Val McDermid was elected as a Fellow of the Royal Society of Literature in 2016.
Val McDermid is a writer and broadcaster, best known for her crime fiction. She was born in Kirkcaldy, Fife, in 1955. She read English at St Hilda’s College, Oxford and subsequently became a journalist. She spent 14 years on national newspapers, culminating as Northern Bureau Chief of a Sunday tabloid. Her first play, Like A Happy Ending, was produced by Plymouth Theatre company in 1978 and later adapted for BBC radio. Her debut novel, Report for Murder, featuring journalist sleuth Lindsay Gordon, was published by the Women’s Press in 1987. There are five further books in the series. A second series, overlapping the Lindsay Gordon novels, featured Manchester-based private investigator Kate Branningan, starting in 1992 with Dead Beat and also continuing for another five books, the last of which, Star Struck, won the Grand Prix des Romans d’Aventure. In 1995, she created the partnership of psychological profiler Dr Tony Hill and Detective Inspector Carol Jordan. Hill and Jordan have appeared in a further eight novels. The first, The Mermaids Singing, won the Crime Writers’ Association Gold Dagger for best crime novel of the year; the fourth, The Torment of Others, won the Theakstons Old Peculier Crime Novel of the Year award; the fifth, Beneath the Bleeding, the Stonewall Writer of the Year prize; and the sixth, Fever of the Bone, won the Lambda Literary Foundation award for Best Lesbian Mystery. The books were adapted for the successful TV drama series Wire In The Blood, which ran for six seasons. A fourth series of novels, centring on the work of cold case detective Karen Pirie, began with The Distant Echo, which won the Sherlock and the Barry Award for best crime novel of the year. The third Karen Pirie novel, The Skeleton Road, won a Dead Good Readers Award. McDermid has also written several standalone novels, including A Place of Execution (winner of the Los Angeles Times Book Prize, the Anthony Award, the Barry Award, the Dilys Award and the Macavity Award) and The Grave Tattoo (winner of the Portico Prize for Fiction). A short story anthology, Stranded, was appeared in 2006.

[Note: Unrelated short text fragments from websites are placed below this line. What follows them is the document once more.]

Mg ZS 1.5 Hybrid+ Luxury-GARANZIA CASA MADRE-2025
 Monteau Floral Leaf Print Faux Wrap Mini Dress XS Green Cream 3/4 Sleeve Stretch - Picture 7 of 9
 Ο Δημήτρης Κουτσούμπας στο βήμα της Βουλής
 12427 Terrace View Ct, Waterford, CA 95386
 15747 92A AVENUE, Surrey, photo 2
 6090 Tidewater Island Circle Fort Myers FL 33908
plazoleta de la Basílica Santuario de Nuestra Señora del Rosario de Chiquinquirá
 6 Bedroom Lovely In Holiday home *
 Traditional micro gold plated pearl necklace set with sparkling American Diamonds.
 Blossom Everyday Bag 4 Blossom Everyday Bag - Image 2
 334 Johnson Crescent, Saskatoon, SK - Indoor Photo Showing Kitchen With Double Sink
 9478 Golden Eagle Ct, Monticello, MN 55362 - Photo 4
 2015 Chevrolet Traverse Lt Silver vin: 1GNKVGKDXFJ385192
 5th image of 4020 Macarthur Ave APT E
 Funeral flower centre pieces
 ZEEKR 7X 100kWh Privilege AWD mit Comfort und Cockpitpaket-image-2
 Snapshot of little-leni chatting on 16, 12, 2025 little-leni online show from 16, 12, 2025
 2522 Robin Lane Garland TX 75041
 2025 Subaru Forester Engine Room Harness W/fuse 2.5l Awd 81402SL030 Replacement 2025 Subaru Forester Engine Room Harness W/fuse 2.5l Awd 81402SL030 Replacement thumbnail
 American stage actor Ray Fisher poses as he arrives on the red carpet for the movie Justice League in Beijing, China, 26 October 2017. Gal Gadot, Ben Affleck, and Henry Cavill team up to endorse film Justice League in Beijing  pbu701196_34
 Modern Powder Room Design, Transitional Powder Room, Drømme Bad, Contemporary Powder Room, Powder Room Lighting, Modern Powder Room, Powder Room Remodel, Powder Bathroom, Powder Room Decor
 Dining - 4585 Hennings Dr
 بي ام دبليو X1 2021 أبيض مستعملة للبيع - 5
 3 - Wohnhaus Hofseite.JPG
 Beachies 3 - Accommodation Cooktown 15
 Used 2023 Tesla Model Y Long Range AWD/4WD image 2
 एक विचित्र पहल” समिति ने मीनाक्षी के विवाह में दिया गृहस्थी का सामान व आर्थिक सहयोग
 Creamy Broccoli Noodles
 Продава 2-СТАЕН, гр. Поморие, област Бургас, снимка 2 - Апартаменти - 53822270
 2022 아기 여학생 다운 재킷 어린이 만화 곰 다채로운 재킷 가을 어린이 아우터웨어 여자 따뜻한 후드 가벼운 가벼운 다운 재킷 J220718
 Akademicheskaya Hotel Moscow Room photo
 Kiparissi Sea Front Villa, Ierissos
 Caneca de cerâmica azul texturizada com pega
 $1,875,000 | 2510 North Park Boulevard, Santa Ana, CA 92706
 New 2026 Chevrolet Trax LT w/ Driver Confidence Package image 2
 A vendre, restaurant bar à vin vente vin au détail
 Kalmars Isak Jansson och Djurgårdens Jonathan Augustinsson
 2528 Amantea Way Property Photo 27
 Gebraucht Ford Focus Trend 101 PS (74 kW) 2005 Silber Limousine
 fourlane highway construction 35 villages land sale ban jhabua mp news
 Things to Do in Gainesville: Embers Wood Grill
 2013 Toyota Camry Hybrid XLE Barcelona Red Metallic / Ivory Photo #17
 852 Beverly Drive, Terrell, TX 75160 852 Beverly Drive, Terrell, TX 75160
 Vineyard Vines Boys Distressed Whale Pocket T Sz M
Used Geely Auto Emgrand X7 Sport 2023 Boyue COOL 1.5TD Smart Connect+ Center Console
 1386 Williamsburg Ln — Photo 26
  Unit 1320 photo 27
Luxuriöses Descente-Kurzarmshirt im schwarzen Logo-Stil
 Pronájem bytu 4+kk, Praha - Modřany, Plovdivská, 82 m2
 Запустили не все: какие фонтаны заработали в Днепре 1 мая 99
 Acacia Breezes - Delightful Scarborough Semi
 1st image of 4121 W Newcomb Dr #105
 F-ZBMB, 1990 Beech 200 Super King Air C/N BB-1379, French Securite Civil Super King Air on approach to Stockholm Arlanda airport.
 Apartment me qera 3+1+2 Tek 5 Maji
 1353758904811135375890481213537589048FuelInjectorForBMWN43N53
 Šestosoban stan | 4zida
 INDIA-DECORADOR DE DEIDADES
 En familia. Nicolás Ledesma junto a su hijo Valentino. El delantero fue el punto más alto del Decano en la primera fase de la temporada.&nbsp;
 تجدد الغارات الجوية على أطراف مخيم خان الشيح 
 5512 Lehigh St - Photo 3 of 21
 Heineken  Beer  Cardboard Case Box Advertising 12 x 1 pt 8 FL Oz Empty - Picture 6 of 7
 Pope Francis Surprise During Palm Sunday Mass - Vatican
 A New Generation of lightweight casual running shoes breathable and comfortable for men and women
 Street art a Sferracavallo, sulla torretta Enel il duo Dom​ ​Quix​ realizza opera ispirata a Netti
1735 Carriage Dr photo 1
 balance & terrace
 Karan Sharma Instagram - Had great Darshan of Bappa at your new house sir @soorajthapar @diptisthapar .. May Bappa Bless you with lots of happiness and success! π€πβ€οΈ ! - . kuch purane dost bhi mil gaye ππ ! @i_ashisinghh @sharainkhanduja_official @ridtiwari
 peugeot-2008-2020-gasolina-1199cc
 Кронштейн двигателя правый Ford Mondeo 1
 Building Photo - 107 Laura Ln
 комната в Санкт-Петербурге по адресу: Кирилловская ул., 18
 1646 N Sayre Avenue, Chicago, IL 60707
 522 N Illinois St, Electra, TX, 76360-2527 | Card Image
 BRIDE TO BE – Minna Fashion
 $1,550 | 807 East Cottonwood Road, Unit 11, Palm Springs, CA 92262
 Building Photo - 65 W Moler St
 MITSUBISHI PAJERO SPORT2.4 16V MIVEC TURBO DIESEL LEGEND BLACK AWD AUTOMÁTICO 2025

In 1995, McDermid published A Suitable Job for a Woman, an investigation real women private investigators. And in 2014 she published Forensics: The Anatomy of Crime, an examination of various areas of forensic science. Both were shortlisted for a Mystery Writers of America Edgar Award, and Forensics won an Anthony Award.
Her career achievement awards include the Crime Writers’ Association Diamond Dagger, the Lambda Literary Foundation Pioneer Award, the Theakstons Old Peculier Lifetime Achievement Award, the ITV3 Crime Writing Hall of Fame and the LGBTQ Saints and Sinners Hall of Fame.
McDermid is a regular contributor to radio and TV. Recent appearances include curating BBC2 Artsnight, being interviewed by Andrew Marr and Alan Yentob for TV documentaries, taking part in Round Britain Quiz on BBC R4 and BBC2’s Christmas University Challenge. She has also written radio drama, most recently an adaptation of John Wyndham’s The Kraken Wakes and Resistance, a serial about antimicrobial resistance.
She co-founded the Harrogate Crime Writing Festival, is an Honorary Fellow of St Hilda’s College and has been awarded several honorary doctorates.